Last Wednesday I had the tremendous opportunity to visit the Sun Belt Conference offices in New Orleans, tour the facility at the Mercedes-Benz (Louisiana) Superdome and sit down with current Sun Belt and former Western Athletic Conference commissioner Karl Benson.
We sat down for about a 25-minute long discussion that covered a plethora of topics including:
– Remaining concerns other Sun Belt schools have of Idaho in the Sun Bent
– The deciding factors leading to the SBC’s invitation to Idaho
– Where the Sun Belt might go for its 12th member for football and all sports
– The future of the Sun Belt in terms of positioning itself in the Group of Five in the new college football playoff
– What he sees as Idaho’s needs facilities wise in the future
– And New Mexico State’s standing in terms of getting an all-sports invitation from the conference
– Among other things
Sean Kramer of Vandal Nation’s sit down interview with commissioner Karl Benson:
Sean Kramer: Operating under the assumption that adding Idaho didn’t have unanimous support, what were the concerns and do those concerns still exist?
Karl Benson: “I don’t know if there were concerns, I think some reluctance was a better term. The reluctance was to go outside the footprint. When I left the WAC and came into the Sun Belt to reshape the Sun Belt, the focus was on establishing a footprint. And, even though we were going to be from Texas to Florida, we at least wanted to create divisions. We created the western division at six, and we were going to have six in the east. And then that got blown up. So then, we lost Florida Atlantic and Middle Tennessee a year ago about this time. So that kind of changed our strategy.”

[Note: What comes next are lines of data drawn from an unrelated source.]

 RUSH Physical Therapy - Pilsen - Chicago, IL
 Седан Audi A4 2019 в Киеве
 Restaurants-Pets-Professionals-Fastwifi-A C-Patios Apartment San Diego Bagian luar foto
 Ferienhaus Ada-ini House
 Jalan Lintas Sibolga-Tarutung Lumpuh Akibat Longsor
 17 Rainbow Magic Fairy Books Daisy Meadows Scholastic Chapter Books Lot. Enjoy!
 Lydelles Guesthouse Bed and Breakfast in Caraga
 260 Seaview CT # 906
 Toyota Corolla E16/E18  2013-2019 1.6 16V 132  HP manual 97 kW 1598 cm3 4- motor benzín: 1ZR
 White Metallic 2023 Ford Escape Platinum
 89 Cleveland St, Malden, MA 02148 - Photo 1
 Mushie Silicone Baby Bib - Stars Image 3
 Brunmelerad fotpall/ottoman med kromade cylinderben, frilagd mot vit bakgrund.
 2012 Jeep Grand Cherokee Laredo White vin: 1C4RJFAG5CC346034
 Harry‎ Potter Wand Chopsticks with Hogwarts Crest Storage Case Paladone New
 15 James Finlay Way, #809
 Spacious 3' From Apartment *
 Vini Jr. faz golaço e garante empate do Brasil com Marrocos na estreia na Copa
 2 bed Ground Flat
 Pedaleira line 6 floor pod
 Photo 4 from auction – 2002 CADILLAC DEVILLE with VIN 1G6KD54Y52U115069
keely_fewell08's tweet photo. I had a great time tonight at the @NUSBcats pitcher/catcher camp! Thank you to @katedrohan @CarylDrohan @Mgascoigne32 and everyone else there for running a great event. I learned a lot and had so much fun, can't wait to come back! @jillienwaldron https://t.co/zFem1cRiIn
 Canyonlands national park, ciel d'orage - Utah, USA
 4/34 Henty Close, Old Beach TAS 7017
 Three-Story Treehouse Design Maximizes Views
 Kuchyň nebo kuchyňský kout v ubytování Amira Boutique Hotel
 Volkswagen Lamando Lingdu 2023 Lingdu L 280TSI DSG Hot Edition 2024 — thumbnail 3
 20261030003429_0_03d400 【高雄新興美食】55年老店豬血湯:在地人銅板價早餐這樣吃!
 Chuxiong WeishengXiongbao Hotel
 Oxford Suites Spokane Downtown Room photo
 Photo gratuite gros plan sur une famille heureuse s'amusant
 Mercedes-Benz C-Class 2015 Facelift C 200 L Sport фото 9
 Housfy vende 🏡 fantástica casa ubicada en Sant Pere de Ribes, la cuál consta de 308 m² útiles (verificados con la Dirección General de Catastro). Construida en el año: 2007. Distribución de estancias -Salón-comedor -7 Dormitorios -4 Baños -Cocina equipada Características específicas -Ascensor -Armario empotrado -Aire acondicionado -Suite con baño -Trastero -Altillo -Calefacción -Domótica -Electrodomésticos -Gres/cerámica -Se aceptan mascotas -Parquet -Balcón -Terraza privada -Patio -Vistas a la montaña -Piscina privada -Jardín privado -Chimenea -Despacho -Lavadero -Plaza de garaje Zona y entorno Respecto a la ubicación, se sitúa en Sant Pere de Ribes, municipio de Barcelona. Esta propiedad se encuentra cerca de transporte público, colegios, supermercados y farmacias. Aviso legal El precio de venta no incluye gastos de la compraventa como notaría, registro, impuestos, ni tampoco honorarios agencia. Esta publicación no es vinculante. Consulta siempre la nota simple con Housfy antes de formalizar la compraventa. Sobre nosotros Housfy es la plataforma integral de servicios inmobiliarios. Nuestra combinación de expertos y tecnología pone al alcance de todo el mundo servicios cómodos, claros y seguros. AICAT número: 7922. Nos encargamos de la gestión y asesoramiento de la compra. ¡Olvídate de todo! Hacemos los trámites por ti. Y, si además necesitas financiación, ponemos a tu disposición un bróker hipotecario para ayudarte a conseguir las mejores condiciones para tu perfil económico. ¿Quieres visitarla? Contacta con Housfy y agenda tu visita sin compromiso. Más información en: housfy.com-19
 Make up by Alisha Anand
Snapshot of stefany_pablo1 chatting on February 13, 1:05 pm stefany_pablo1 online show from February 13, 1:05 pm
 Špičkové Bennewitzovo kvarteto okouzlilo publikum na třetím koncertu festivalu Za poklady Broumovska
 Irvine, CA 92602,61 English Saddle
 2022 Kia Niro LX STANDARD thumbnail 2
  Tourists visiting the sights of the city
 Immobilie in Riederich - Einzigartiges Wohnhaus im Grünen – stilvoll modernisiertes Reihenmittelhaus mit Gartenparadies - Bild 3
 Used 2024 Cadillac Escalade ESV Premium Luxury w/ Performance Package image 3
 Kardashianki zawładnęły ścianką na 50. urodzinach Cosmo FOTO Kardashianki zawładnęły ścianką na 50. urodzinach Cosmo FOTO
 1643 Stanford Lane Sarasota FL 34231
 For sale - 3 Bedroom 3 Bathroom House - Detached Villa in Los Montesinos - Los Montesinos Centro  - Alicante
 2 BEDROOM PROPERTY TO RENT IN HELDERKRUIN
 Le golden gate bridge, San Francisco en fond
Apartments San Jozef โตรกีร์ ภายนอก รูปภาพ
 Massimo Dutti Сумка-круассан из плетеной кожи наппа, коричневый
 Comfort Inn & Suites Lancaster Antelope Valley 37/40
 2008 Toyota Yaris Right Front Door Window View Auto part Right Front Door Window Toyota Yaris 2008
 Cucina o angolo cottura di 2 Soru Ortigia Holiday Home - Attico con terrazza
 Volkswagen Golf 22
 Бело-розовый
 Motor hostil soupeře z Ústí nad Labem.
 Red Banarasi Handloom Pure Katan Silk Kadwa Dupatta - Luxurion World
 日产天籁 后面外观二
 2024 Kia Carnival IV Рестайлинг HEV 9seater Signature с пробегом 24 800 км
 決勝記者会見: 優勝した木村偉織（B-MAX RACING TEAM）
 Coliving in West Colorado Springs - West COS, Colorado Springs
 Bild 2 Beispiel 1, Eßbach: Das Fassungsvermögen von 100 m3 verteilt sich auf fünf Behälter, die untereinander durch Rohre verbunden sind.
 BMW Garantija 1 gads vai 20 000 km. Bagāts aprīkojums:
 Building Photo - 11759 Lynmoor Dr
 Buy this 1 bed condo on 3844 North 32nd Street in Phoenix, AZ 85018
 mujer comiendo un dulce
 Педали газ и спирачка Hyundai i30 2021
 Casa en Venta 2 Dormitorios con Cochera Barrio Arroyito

“What really led to the decision to add Idaho was the creation of the college football playoff and how the Sun Belt was going to position itself within that with our peer conferences. Those other four who we are going to compete with for that automatic spot, those other four are going to be doing a conference championship game. And so, the year before we specifically decided not to go to 12 teams for football and to stay at 10 and build within that and we didn’t look at a 12 team conference as being that valuable.”
“But once the change happened, my recommendation was we needed to get to 12. The day we added Appalachian State and Georgia Southern in the morning and New Mexico State and Idaho in the afternoon as football only, that was driven by the need to get to a conference championship game. Then we lost Western Kentucky, so next year we’re an 11 team league in 2014.”
“And the fact that they were the current FBS members, we put value on that. The geography we looked past, and thought there was a need to have FBS membership with us. So even though some reluctance, we looked beyond geography and media market.”
Kramer: James Madison has just released their FBS feasibility study, and have been linked many times as a potential Sun Belt member. Are they a player to potentially join the Sun Belt?
Benson: “Liberty has already declared their desire to go FBS, they’re just waiting for the invitation. As has Jacksonville State and Alabama State have expressed their desire. James Madison has gone through that, they expect after the first of the year they will reach a decision whether to make the move to FBS. If they do, the question is what conference will they align with. We certainly would be interested to have that conversation. But it’s several months off. And the earliest anything could happen would be for 2015.”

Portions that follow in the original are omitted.